Only five randomized controlled trials (RCTs) have tested the effects of anticonvulsants for the primary prophylaxis of seizures in patients with newly diagnosed brain tumours. No studies have been disease-specific, and all included a mixture of both primary and secondary brain tumours. All were heterogeneous with respect to inclusion criteria and the anticonvulsants used in the study.
Anticonvulsants are problematic in brain tumour patients. The studies of Glantz et al and Forsyth et al. demonstrate that the rate and intensity of anticonvulsant-related side effects may be higher in patients with brain tumours when compared to patients with seizure disorders from other causes. In addition, the anticonvulsants tested in those RCTs were in the class of enzyme-inducing anticonvulsants and are expected to have pharmacodynamic interactions with other medications commonly used in the treatment of those patients. In particular, interactions between enzyme-inducing anticonvulsants and chemotherapy are of significant concern. No studies have tested the newer generation of anticonvulsants that, in general, are characterized by fewer adverse effects and minimal drug interactions.
Because those clinical trials were all small, it is not possible to determine if there are special subgroups of patients at increased risk of seizures. Intuitively, patients with tumours near the motor strip, with cortically based tumours, or hemorrhagic tumours may be at increased risk of seizures; however there are no data to support this assumption. Clinicians must therefore individualize treatment for those patients. Tumour-related factors such as location must be integrated with patient preferences and quality of life (QOL), in addition to concomitant medications, in order to reach treatment decisions.
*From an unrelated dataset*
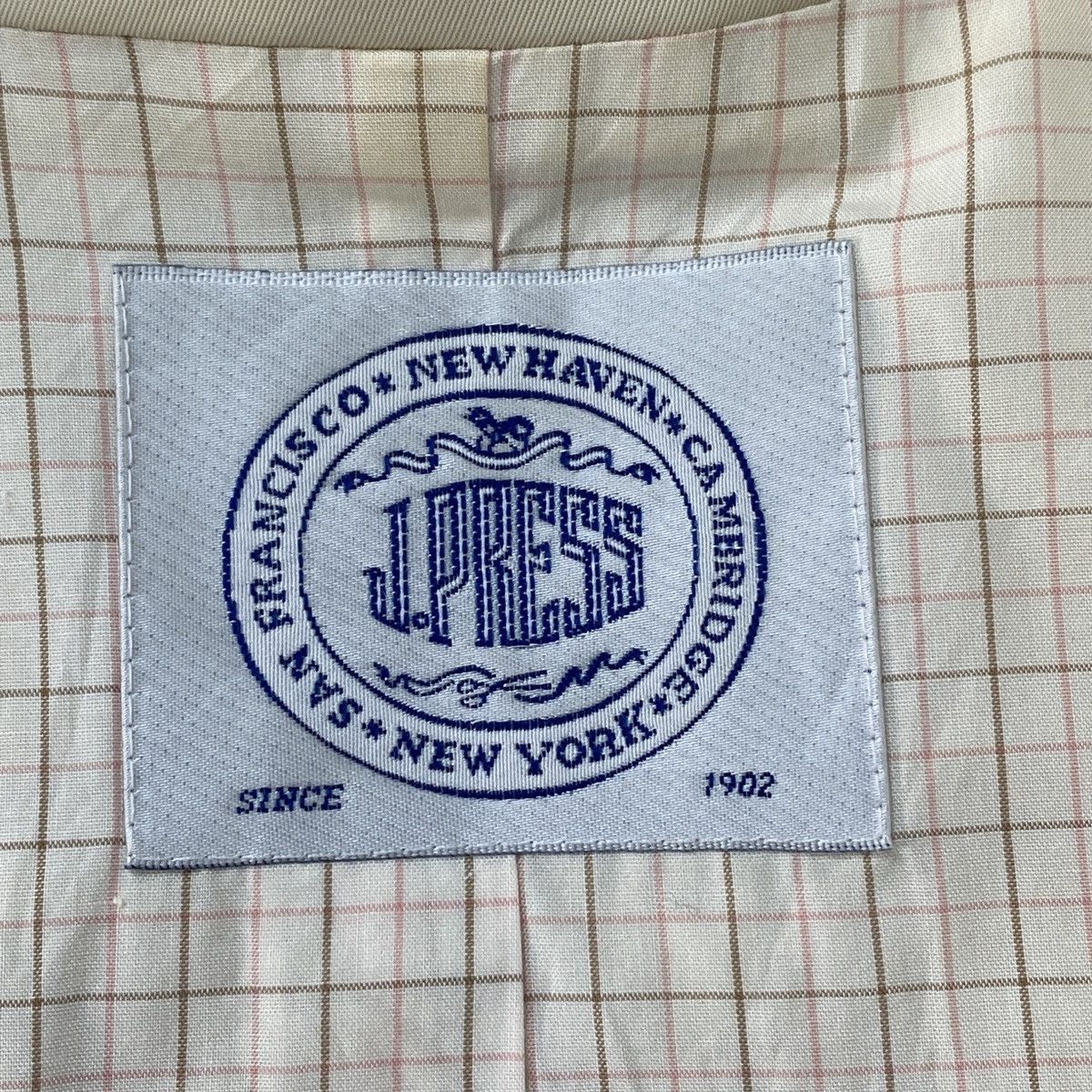 J. Press 🔥LAST PRICE🔥 J. Press New York Light Coat Size L / US 10 / IT 46 - 14 Thumbnail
From the larger RCTs and the meta-analysis, it is clear that conventional anticonvulsants (phenytoin, valproic acid, and phenobarbital) confer at best a 25% reduction in the risk of seizures, with the incremental risk of adverse effects and drug interactions. The Neurology Disease Site Group (DSG) felt that the statistical power of those trials reliably excluded a clinically important reduction in seizure risk for seizure-naïve patients with newly diagnosed primary and secondary brain tumours. Thus, the routine use of postoperative anticonvulsants is not recommended in those patients, especially in light of a significant risk of serious adverse effects and problematic drug interactions. This recommendation is in agreement with the American Academy of Neurology (AAN) practice parameter.
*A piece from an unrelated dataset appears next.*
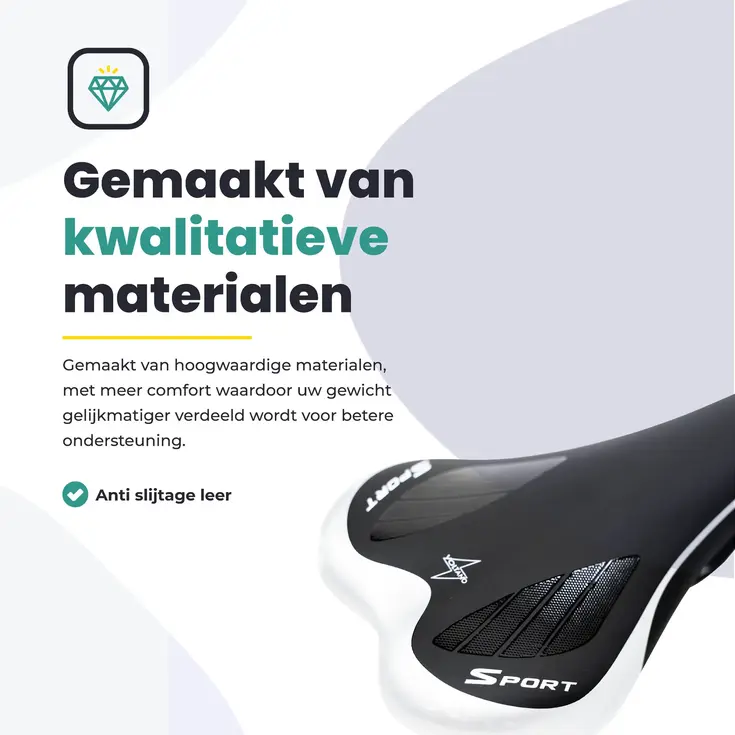 Race MTB zadel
The newer anti-epileptic medications may overcome some of these issues but have not been tested in clinical trials. No recommendations can be made regarding the use of those medications; however, a randomized controlled clinical trial, informed by the analysis and the suggestions by Forsyth et al., should be considered.
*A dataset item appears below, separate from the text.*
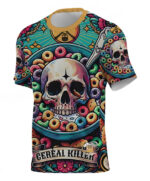 Cereal Killer – Unique Breakfast Lover's Shirt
In the survey of Ontario practitioners, 74% of respondents indicated that they did not recommend the routine use of anticonvulsants in seizure-naïve patients with newly diagnosed brain tumours. Thus, the current practice is consistent with the recommendation of this guideline. The pre-guideline survey is presented in Appendix 1 in the original guideline document, and the results of the two case scenarios are shown in Table 3 in the original guideline document. Respondents were asked to indicate which response most closely matched their usual practice.
For patients who are already on anticonvulsants but have never had a seizure, there is very little evidence to guide treatment. The AAN practice parameter recommends considering a taper and discontinuation of anticonvulsants; however, only one small retrospective clinical trial has attempted to address that issue. There is insufficient evidence to recommend for or against the tapering of anticonvulsants in this situation, and, therefore, treatment must be individualized. In the Ontario practice survey, essentially equal numbers of practitioners would maintain anticonvulsants, withdraw them, or have a discussion and allow a patient-based decision. Thus, current practice appears to reflect the lack of data that addresses this very specific question.